PROCESSING METHOD INCLUDING PRE-ISSUE LOAD-HIT-STORE (LHS) HAZARD PREDICTION TO REDUCE REJECTION OF LOAD INSTRUCTIONS
A processing method supporting out-of-order execution (OOE) includes load-hit-store (LHS) hazard prediction at the instruction execution phase, reducing load instruction rejections and queue flushes at the dispatch phase. The instruction dispatch unit (IDU) detects likely LHS hazards by generating entries for pending stores in a LHS detection table. The entries in the table contain an address field (generally the immediate field) of the store instruction and the register number of the store. The ISU compares the address field and register number for each load with entries in the table to determine if a likely LHS hazard exists and if an LHS hazard is detected, the load is dispatched to the issue queue of the load-store unit (LSU) with a tag corresponding to the matching store instruction, causing the LSU to dispatch the load only after the corresponding store has been dispatched for execution.
The present Application is a Continuation of U.S. patent application Ser. No. 14/522,811, filed on Oct. 24, 2014 and claims priority thereto under 35 U.S.C. §120. The disclosure of the above-referenced parent U.S. Patent Application is incorporated herein by reference.
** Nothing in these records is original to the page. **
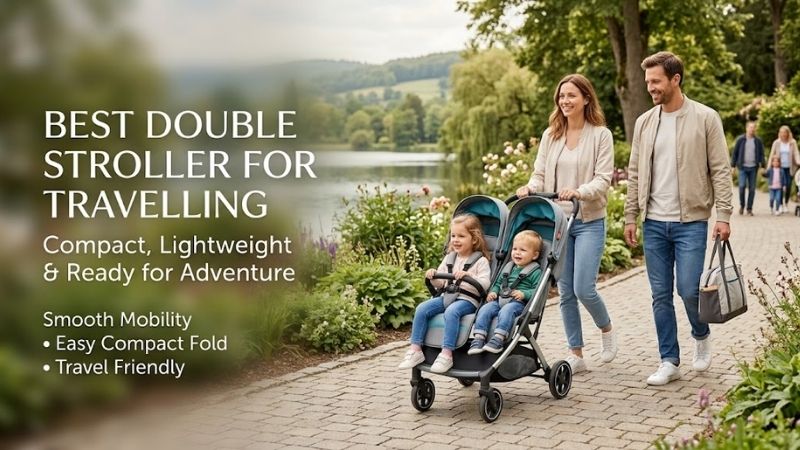 How to Choose the Right Best Double Stroller For Travelling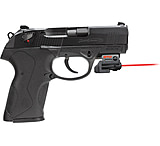 ArmaLaser GTO/FLX Finger Touch Red Laser Sight for Beretta PX4 Storm Compact, Black, GTOFLX52
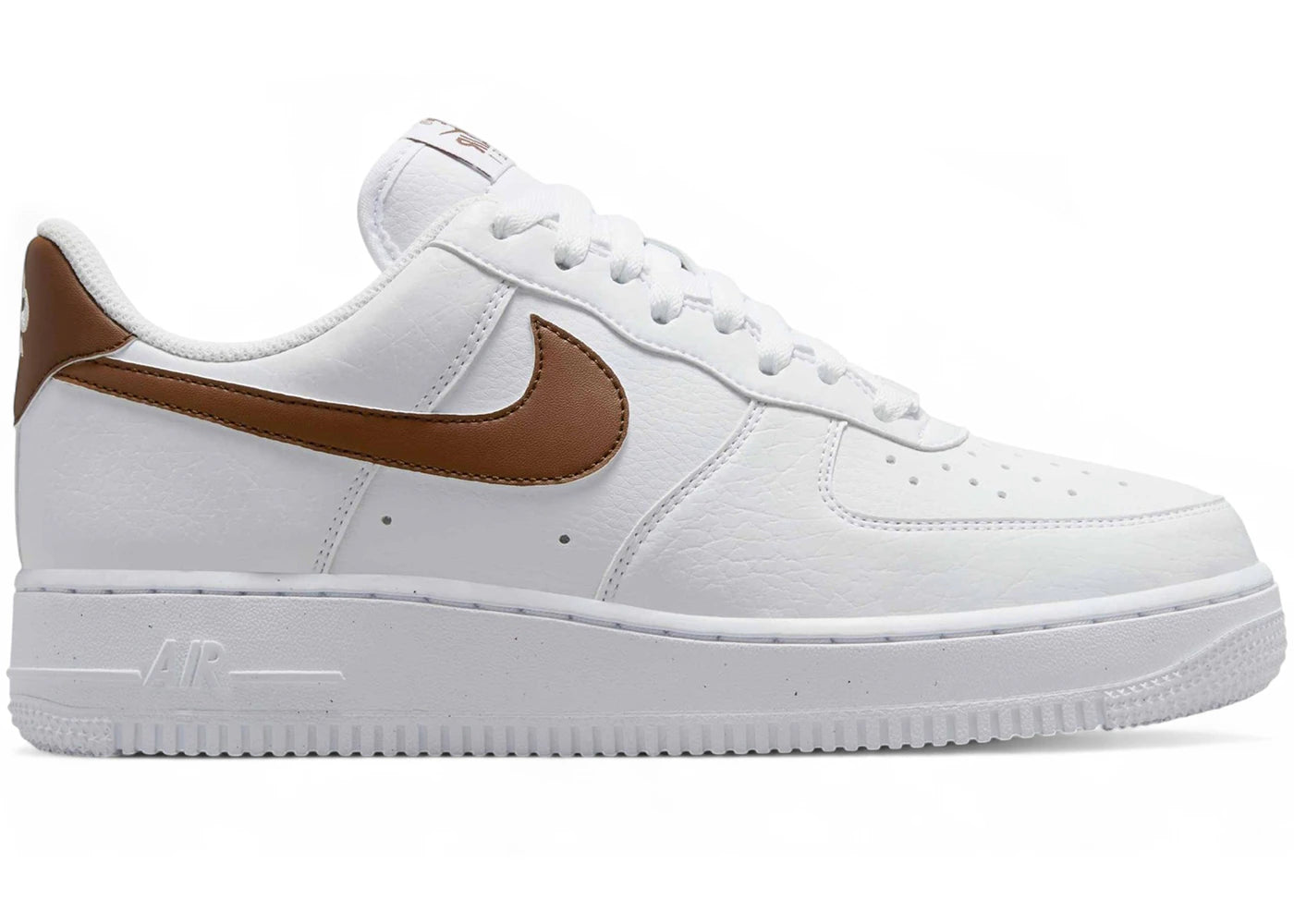 Nike Air Force 1 Low '07 Next Nature White Fauna Brown (Women's)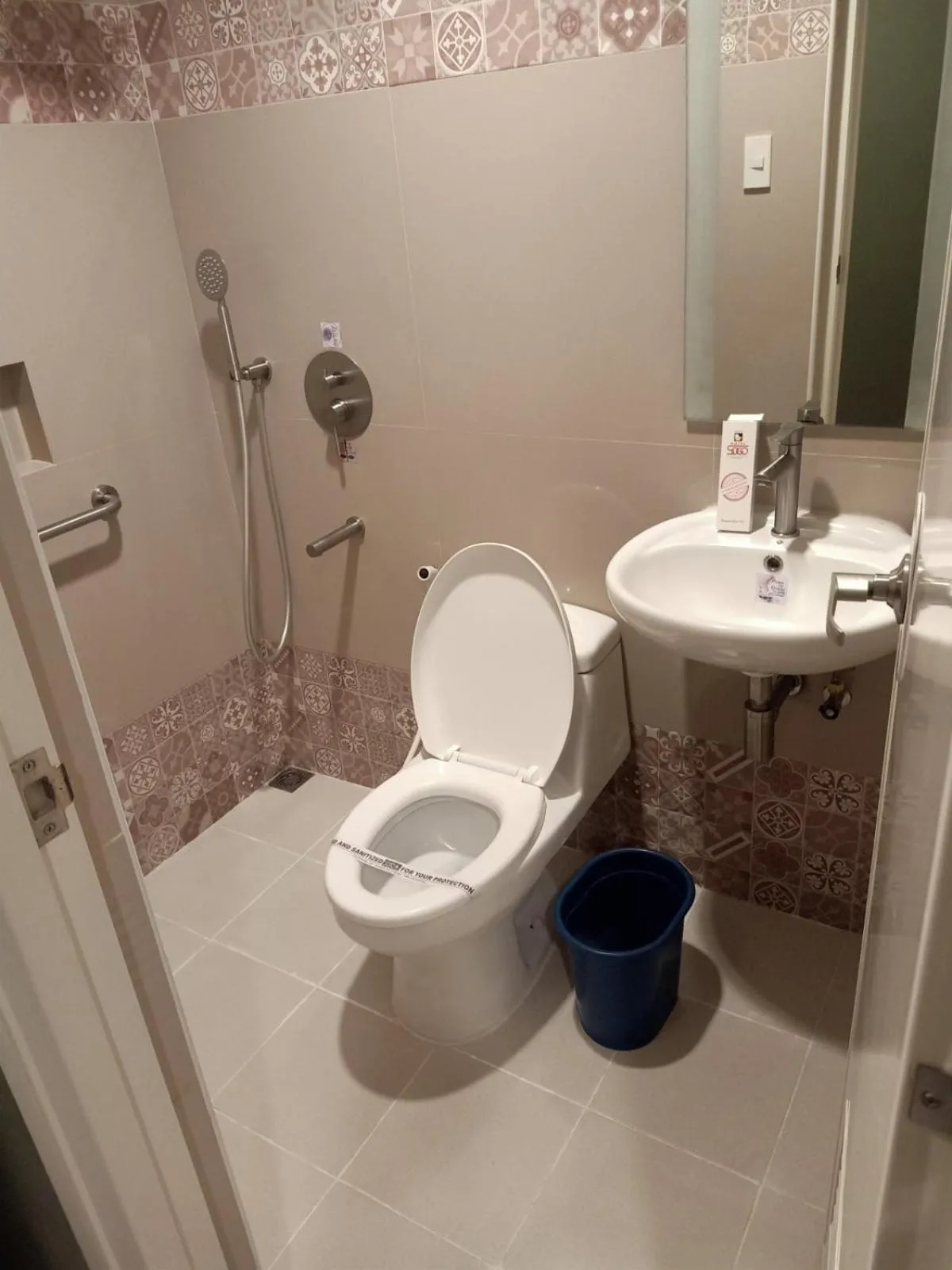 Bathroom in Hotel Sogo General Trias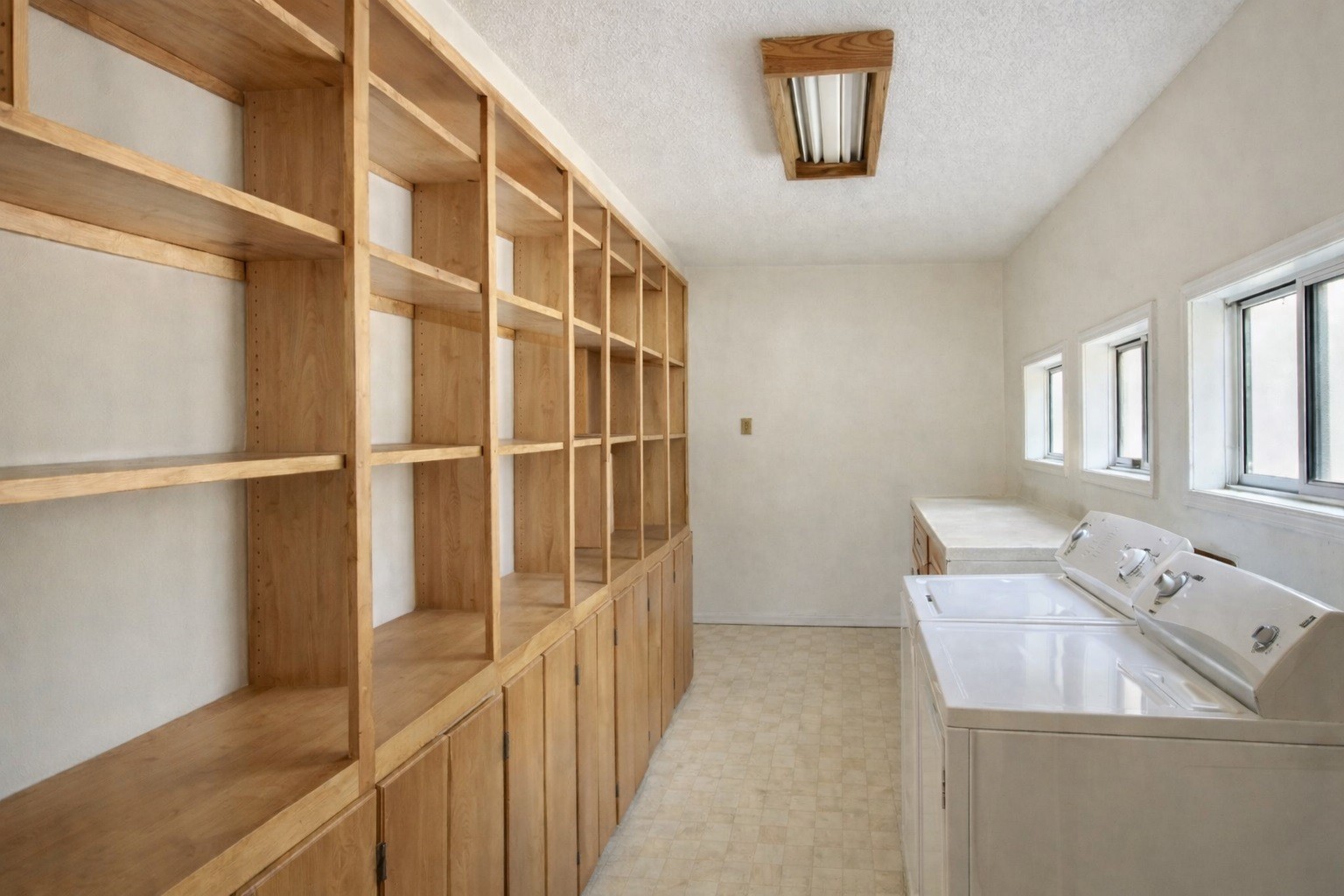 1135 West Mink Branch Road Waynesboro, TN 38485 - Photo 45 of 68 a view of a hallway with a sink and a window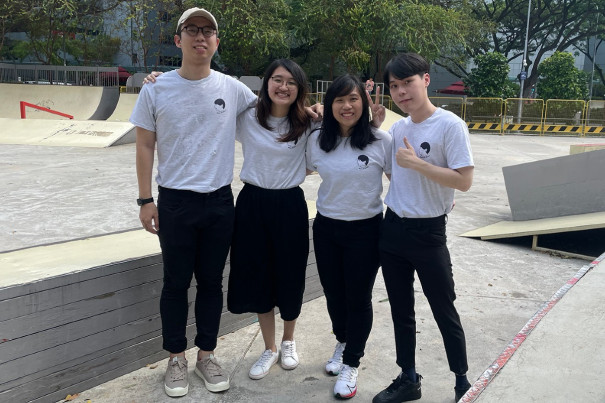 , NTU students start campaign to dare male teens to share on mental wellness woes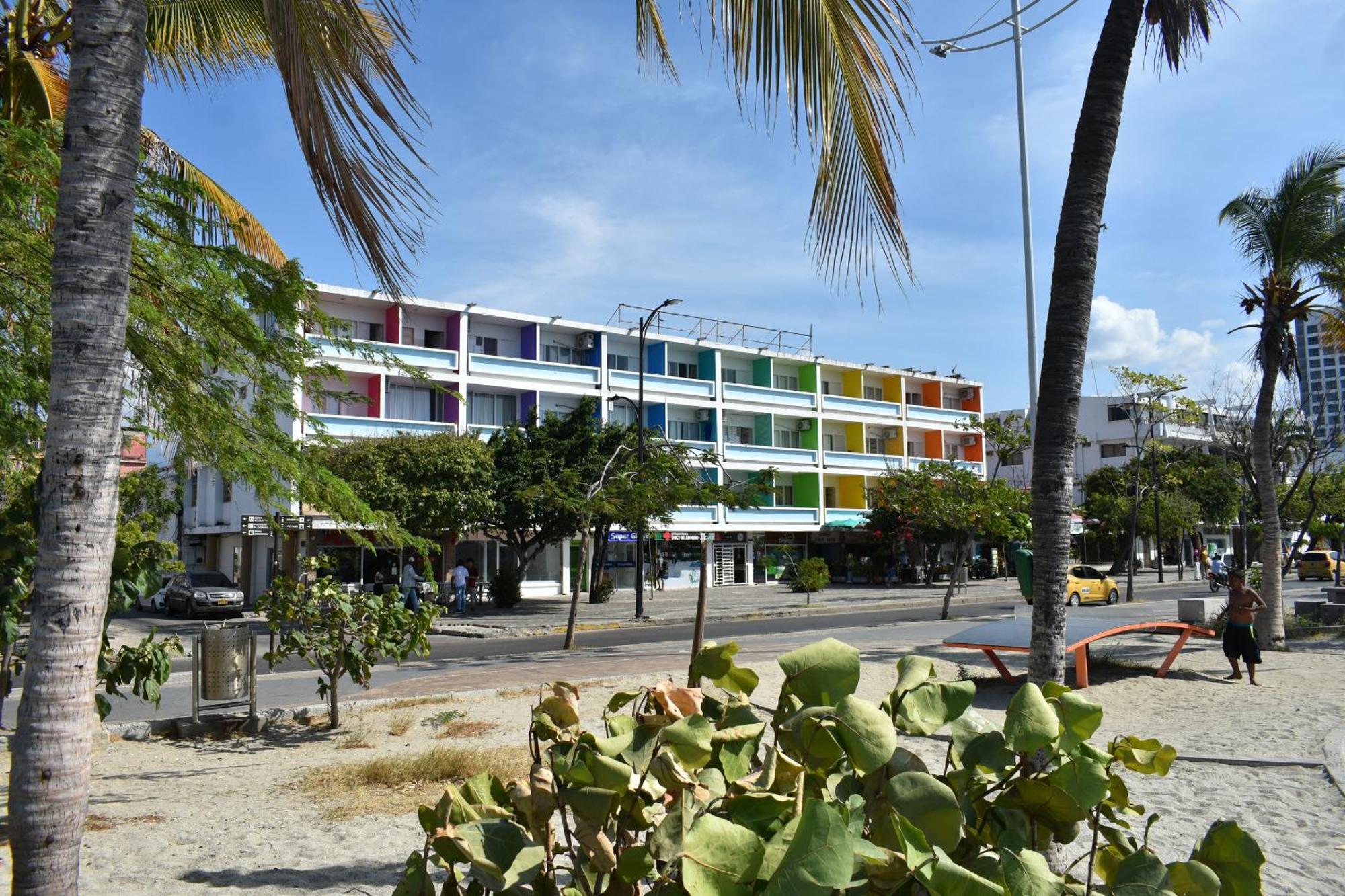 Panamerican Hostel Santa Marta  Esterno foto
BACKGROUND OF THE INVENTION1. Field of the Invention
The present invention is related to processing systems and processors, and more specifically to techniques for predicting load-hit-store hazards at dispatch times to reduce rejection of dispatched load instructions.
2. Description of Related Art
In pipelined processors supporting out-of-order execution (OOE), overlaps between store and load instructions causing load-hit-store hazards represent a serious bottleneck in the data flow between the load store unit (LSU) and the instruction dispatch unit (IDU). In particular, in a typical pipelined processor, when a load-hit-store hazard is detected by the LSU, the load instruction that is dependent on the result of the store instruction is rejected, generally several times, and reissues the load instruction along with flushing all newer instructions following the load instruction. The above-described reject and reissue operation not only consumes resources of the load-store data path(s) within the processor, but can also consume issue queue space in the load-store execution path(s) by filling the load-store issue queue with rejected load instructions that must be reissued. When such an LHS hazard occurs in a program loop, the reject and reissue operation can lead to a dramatic reduction in system performance.
In some systems, the reissued load instruction entries are tagged with dependency flags, so that subsequent reissues will only occur after the store operation on which the load instruction depends, preventing recurrence of the reissue operations. However, rejection of the first issue of the load instruction and the consequent flushing of newer instructions still represents a significant performance penalty in OOE processors.
It would therefore be desirable to provide a method for managing load-store operations with reduced rejection and reissue of operations, in particular load rejections due to load-hit-store hazards.
BRIEF SUMMARY OF THE INVENTIONThe invention is embodied in a method that reduces rejection of load instructions by predicting likely load-hit-store hazards. The method is a method of operation of a processor core.
The processor core is embodied in a processor core supporting out-of-order execution that detects likely load-hit-store hazards. When an instruction dispatch unit decodes a fetched instruction, if the instruction is a store instruction, address information is stored in a load-hit-store detection table. The address information is generally the base registers used to generate the effective address of the store operation in register-based addressing and/or the immediate field of the instruction for immediate addressing. When a subsequent load instruction is encountered, the instruction dispatch unit checks the load-hit-store detection table to determine whether or not an entry in the table has matching address information. If a matching entry exists in the table, the instruction dispatch unit forwards the load instruction with a tag corresponding to the entry, so that the load-store unit will execute the load instruction after the corresponding store has been executed. If no matching entry exists in the table, the load instruction is issued untagged.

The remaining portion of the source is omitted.